Notes from Falcon from the beginning

Here is the quick notes from the session Falcon from the beginning by Jim Starkey and Ann Harrison

  • Why Falcon
    • Hardware is evolving rapidly, world is changing, so taking advantage
    • Customers need ACID transactions
  • Where hardware is going
    • CPUS breed like rabbits (more sockets, cores, threads/core)
    • Memory is bigger, faster and cheaper
    • Disks are bigger and cheaper but not much faster
    • In general boxes are getting cheaper
  • Where applications are going
    • batch - dead
    • timesharing - dead
    • departmental computing - dead
    • client server - fading fast
    • application servers for most of us
    • web services for the really big buys
  • Database Challenges
    • Traditional challenge
    • exhaust CPU, memory and disk simultaneously
  • Tradeoffs
    • use memory to page cache to avoid disk reads
    • record cache to avoid page cache manipulation
    • use CPU to find the fastest path to record
    • use CPU to minimize record size
    • Synchronize most data structures with user mode read/write locks
    • Synchronize high contention data structures with interlocked instructions
  • Architecture
    • Incomplete in-memory db with disk backfill
    • Multi-version concurrency control in memory
    • Updates in memory until commit
    • Group commits to a single serial log write
    • post-commit multi-threaded pipe line to move updates to disk
  • Incomplete in-memory database
    • records cached in memory
    • separate cache for disk pages
    • record cache hits 15% the cost of a page cache hit
    • record cache is more memory efficient than page cache
  • Record Encoding - cache efficiency
    • records encoded by value, not declaration
    • string “abc” occupies the same space in varchar(3) or varchar(4096)
    • the number 7 is the same where small, medium, int, bigint, decimal or numeric
  • MVCC
    • update ops create new record versions
    • new one is tagged with id, points to old version
    • keep tracks which
  • Updates are in memory
    • held in memory pending commit
    • index changes held in memory
    • verb rollback is dirt cheap
    • trxs rollback is dirt cheap
  • At commit
    • pending record updates flushed to serial log
    • pending index updates flushed to serial log
    • commit record written to serial log
    • serial log flushed to the oxide
    • and trx is also committed
  • Memory is infinite, so
    • large txns chills uncommitted data (flushes it to the log early)
    • chilled records can be thawed
    • scavenger garbage collects unloved records periodically
    • when things get really had, entire record chains flushed to backlog
  • Weakness
    • transactions are ACID but not serializable
    • latency advantage disappears at saturation
    • very large transactions degrade performance
    • optimized for web, not batch
  • Strengths
    • runs like a memory db when data fits
    • scales like disk-based db when db doesn’t fit in cache
    • lowest possible latency for web apps
    • absorbs huge spiky loads
  • Performance
    • benchmark against InnoDB vs Falcon only
    • DBT2 benchmark (what about sysbench?)
    • High contention
    • Writes intensive - 40% records touched are updated
    • measures only performance at saturation
  • DBT2 is InnoDB’s best spot and Falcon’s worst, so do not take benchmark results, decide on what you want
  • When should you use what ?
    • don’t need ACID ? then MyISAM is good
    • single processor, small memory - InnoDB is good
    • large transactions, batch inserts/updates, InnoDB is good
    • multi cores, more memory, more threads , use Falcon
    • For web, Falcon is hard to beat

Notes from Scaling MySQL - Up or Out

Here is the quick notes from the session Scaling MySQL - Up or Out ? moderated by Kaj Arno as part of the todays keynote.
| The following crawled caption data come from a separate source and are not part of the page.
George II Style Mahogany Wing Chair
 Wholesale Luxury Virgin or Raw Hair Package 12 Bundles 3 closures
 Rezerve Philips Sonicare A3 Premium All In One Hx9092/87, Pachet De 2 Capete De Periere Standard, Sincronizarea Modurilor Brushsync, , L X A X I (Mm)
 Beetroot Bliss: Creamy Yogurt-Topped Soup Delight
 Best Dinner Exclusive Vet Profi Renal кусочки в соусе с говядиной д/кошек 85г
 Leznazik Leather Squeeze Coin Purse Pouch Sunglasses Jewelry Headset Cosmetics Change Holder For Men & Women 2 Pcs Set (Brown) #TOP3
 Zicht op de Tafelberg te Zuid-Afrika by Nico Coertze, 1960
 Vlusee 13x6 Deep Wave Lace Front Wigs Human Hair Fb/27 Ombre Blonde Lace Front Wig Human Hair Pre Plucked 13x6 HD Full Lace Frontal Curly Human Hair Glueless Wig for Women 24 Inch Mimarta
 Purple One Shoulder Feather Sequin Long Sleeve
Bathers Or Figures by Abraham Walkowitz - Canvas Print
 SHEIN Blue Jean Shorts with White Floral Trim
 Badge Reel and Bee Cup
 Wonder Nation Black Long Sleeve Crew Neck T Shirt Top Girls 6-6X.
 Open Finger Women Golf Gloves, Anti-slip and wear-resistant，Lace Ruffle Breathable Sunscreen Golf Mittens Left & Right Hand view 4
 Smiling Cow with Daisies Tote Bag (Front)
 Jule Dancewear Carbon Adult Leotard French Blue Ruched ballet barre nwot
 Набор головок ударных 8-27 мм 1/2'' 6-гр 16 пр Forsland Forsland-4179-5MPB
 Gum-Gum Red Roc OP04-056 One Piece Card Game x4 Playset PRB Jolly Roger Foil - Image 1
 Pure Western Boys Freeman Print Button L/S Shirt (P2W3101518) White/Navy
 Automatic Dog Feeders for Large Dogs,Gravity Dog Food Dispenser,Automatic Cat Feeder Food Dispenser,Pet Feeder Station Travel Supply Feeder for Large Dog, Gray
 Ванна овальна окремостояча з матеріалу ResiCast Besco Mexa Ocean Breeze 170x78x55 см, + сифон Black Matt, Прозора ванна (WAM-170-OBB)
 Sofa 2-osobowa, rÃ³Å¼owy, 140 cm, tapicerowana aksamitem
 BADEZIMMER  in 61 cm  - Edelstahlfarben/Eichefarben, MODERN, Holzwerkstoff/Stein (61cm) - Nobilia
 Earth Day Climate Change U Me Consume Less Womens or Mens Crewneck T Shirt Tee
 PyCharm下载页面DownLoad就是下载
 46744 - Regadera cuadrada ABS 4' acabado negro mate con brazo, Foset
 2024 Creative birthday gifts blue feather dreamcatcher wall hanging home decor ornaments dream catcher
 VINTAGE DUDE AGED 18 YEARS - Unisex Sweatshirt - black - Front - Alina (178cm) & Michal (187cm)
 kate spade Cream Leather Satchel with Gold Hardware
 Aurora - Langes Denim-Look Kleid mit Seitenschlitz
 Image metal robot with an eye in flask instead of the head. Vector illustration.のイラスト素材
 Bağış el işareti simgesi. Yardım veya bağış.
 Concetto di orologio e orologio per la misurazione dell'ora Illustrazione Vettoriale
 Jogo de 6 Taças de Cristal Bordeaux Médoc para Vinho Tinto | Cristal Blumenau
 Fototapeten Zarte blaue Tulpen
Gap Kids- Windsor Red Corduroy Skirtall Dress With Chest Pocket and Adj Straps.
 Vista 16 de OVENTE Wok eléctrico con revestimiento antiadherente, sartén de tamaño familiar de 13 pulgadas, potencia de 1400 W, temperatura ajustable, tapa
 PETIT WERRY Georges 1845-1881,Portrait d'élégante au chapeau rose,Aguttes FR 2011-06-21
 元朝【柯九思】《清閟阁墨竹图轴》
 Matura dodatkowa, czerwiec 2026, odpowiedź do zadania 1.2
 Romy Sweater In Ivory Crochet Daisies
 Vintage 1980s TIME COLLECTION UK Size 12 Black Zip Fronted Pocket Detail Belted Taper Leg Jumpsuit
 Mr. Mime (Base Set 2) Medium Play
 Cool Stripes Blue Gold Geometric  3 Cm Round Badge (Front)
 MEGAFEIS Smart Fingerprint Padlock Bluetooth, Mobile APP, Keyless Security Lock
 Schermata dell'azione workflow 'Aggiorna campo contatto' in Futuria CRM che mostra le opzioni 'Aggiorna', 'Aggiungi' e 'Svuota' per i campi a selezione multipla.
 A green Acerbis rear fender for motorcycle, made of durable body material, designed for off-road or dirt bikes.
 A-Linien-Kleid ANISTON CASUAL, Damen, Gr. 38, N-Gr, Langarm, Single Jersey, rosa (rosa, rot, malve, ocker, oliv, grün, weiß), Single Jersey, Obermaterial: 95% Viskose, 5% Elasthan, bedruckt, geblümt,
Here is the list of panelists are ordered by Alexa ranking.

  1. Monty Taylor (MySQL)
  2. Matt Ingerenthron (Sun)
  3. John Allspaw (Flickr)
  4. Farhan Mashraqi (Fotolog)
  5. Domas Mituzas (Wkipedia)
  6. Jeff Rotheschild (Facebook)
  7. Paul Tuckfield (YouTube)

Here is the list of questions and answers from panelists:

 How many servers Number of DBAs How many web servers Number of caching servers Version of MySQL Language, platform Operating System
MySQL

1 M, 3 S

1/10

2

2

5.1.23

Perl,php and bash

Linux fedora

Sun

2 clustered, 2 individual

1.5

160+

8

5.0.21

Lots of stuff (java mostly)

Open Solaris

Flickr

166

At present 0

244

14

5.0.51

Php and some Java

Linux

Fotolog

140 databases on 37 instances

10 instances a DBA

70

40 ( 2 on each, 80 total)

4.11 and 4.4

Php, 90% Java

Solaris 10

Wikipedia

20

None, but everybody is kind of a  DBA

70+200

40 ( 2 on each, 80 total)

Â

Php, c++, python

Fedora / Ubuntu

Facebook

30000 databases, 1800 db servers

2

1200

805

5.0.44 with relay log corruption patch

Php, python, c++ and erlang

Fedora / RHEL

Youtube

I can not say

3

I can not say

I can not say

5.0.24

Python

SuSE 9

Few more misc questions …

Number of times re-architected ?

  • My: 2 times - 1 time slave, 1 time memcached
  • SN: site depend (many times over the year)
  • FR: 2.5 (various clusters federated)
  • FL: many cached replacements (about to do one change now)
  • WK: Never (Spaghetti)
  • FB: Every Tuesday, continual
  • YT: Pretty continual, 2-3 times (replication, sharding, federation)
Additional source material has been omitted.